Even before the Israeli military completed its conquest of the Jenin refugee camp on 11 April, the Israeli newspaper Ha’aretz reported that the Ministry of Foreign Affairs had established a public relations committee specifically devoted to defending the Jewish state’s conduct in the camp. That a sustained exercise in damage control would be required had been made amply clear a day earlier; according to Ha’aretz, Foreign Minister Shimon Peres characterised the military’s action in Jenin as a “massacre,” while unnamed military officers stated, “when the world sees the pictures of what we have done there, it will do us immense damage.”
The fact of the matter is that the world did not see any pictures of what Israel did to the Jenin refugee camp for the better part of another week, the reason being that the Israeli military continued to systematically enforce a strict exclusion zone which kept out journalists, human rights monitors, and humanitarian aid workers alike. This notwithstanding, telephone interviews with camp residents, cross-examination of numerous refugees exiled to the city of Jenin and the surrounding villages of Rummani and Kufr Dan, the testimony of Israeli soldiers involved in the conquest of the camp, and an array of circumstantial evidence had by 15 April led virtually every independent observer to conclude that an impartial examination of the relevant facts would demonstrate that Israel had systematically violated the laws of war and international humanitarian law in Jenin, resulting in widespread loss of life and destruction of property not justified by military necessity.
Among the specific violations for which either compelling evidence (in the form of multiple credible testimonies independently collected) or definitive proof was made available during this period were the following (several of which qualify as war crimes under international law): systematic prohibition on the provision of food, water, and medical supplies to the entire civilian population of Jenin refugee camp despite its urgent need of such supplies; systematic prohibition of medical care to the entire population of the camp when it was known many individuals were in urgent need of such care on account injuries sustained during the conflict and/or medical conditions unrelated to it; the deliberate use of civilian non-combattants as human shields to facilitate military operations; torture, abuse, deprivation, and humiliation of men and boys arrested en masse solely on account of their status as residents of Jenin refugee camp; summary executions; implementation of a shoot-to-kill policy against individuals clearly identifiable as civilian non-combattants, on the pretext of strict enforcement of a prolonged curfew maintained without any interruption; deliberate destruction of buildings in which civilian non-combattants were known to reside without prior warning when provision of such warning would not have impeded military operations; and widespread destruction of property after the conclusion of military hostilities for punitive rather than operational objectives. On a more general level, the virtually uninterrupted use of heavy weaponry (particularly tanks and helicopter gunships) to combat several hundred lightly armed fighters in a densely-populated civilian area was consistently characterised as an excessive and disproportionate use of force.

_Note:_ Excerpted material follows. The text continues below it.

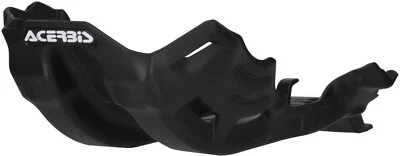 Placa de deslizamiento Acerbis-Yamaha-YZ 250F-2024-2025 Foto 1 de 4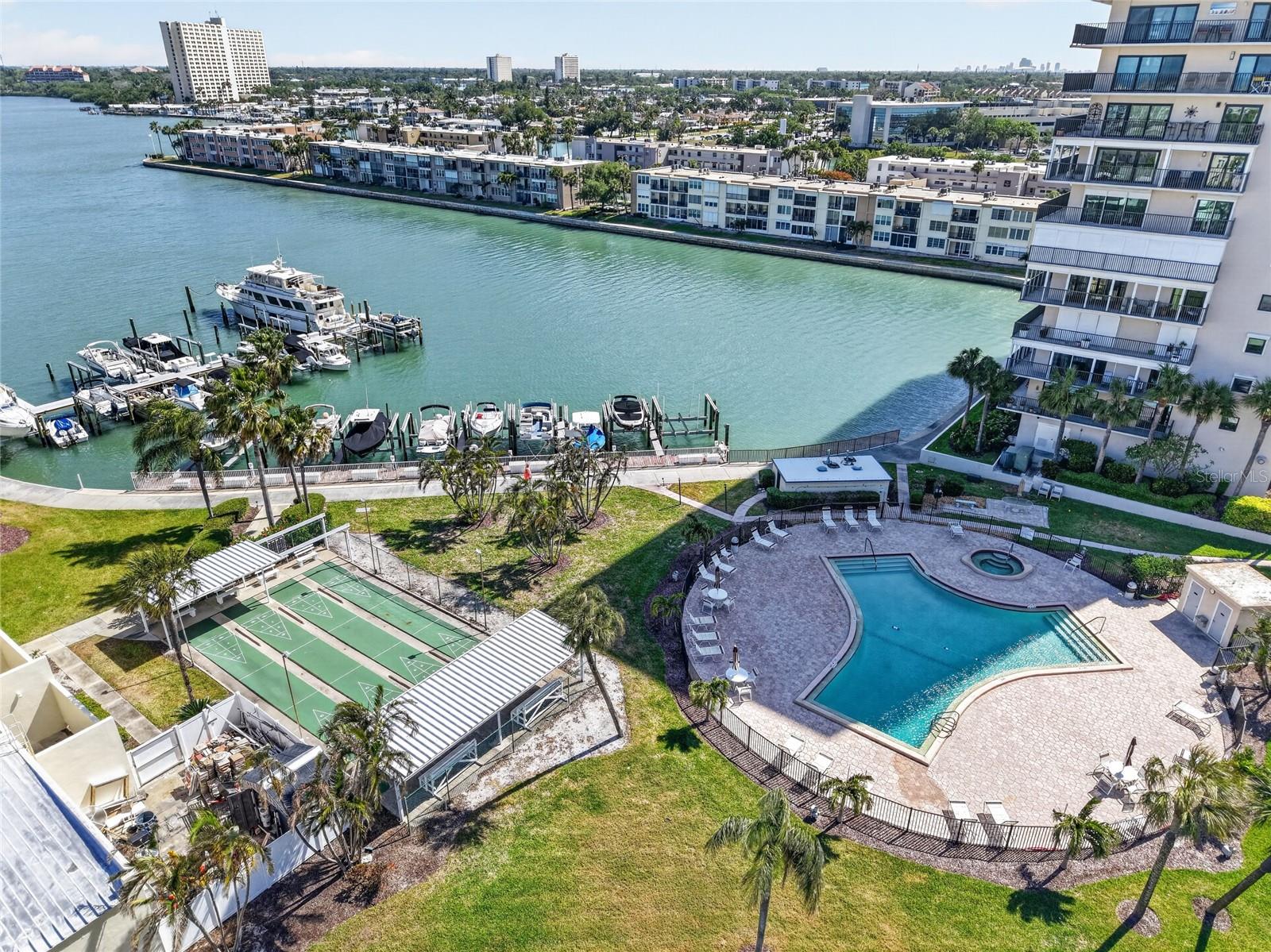 7465 BAY ISLAND DR S #217, SOUTH PASADENA, FL, 33707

Such knowledge was apparently insufficient to prepare journalists and others for what they saw when they were finally able to enter the camp. Many have written of their deep shock at the sight of vast expanses of rubble where entire neighbourhoods once stood, of the overwhelming stench of death, and of the Israeli military’s callous disregard for the urgent humanitarian needs of the remaining Palestinian civilian population. Phil Reeves of the London Independent (16 April) – who along with Justin Huggler of the same paper has provided the most detailed reporting of the camp’s fate – unhesitatingly wrote of “a monstrous war crime that Israel has tried to cover up for a fortnight finally exposed The sweet and ghastly reek of rotting human bodies is everywhere, evidence that it is a human tomb.” When UN Middle East envoy Terje Roed-Larsen was finally permitted to visit the camp on 19 April, he described “what I saw, what I heard, what I smelt” as “horrifying beyond belief”. He further observed that Israel as the sole authority in the camp had a duty to rescue Palestinians trapped in the rubble of their homes, and termed its refusal to do so while actively preventing others from carrying out this task – well after hostilities had ceased – “morally repugnant.”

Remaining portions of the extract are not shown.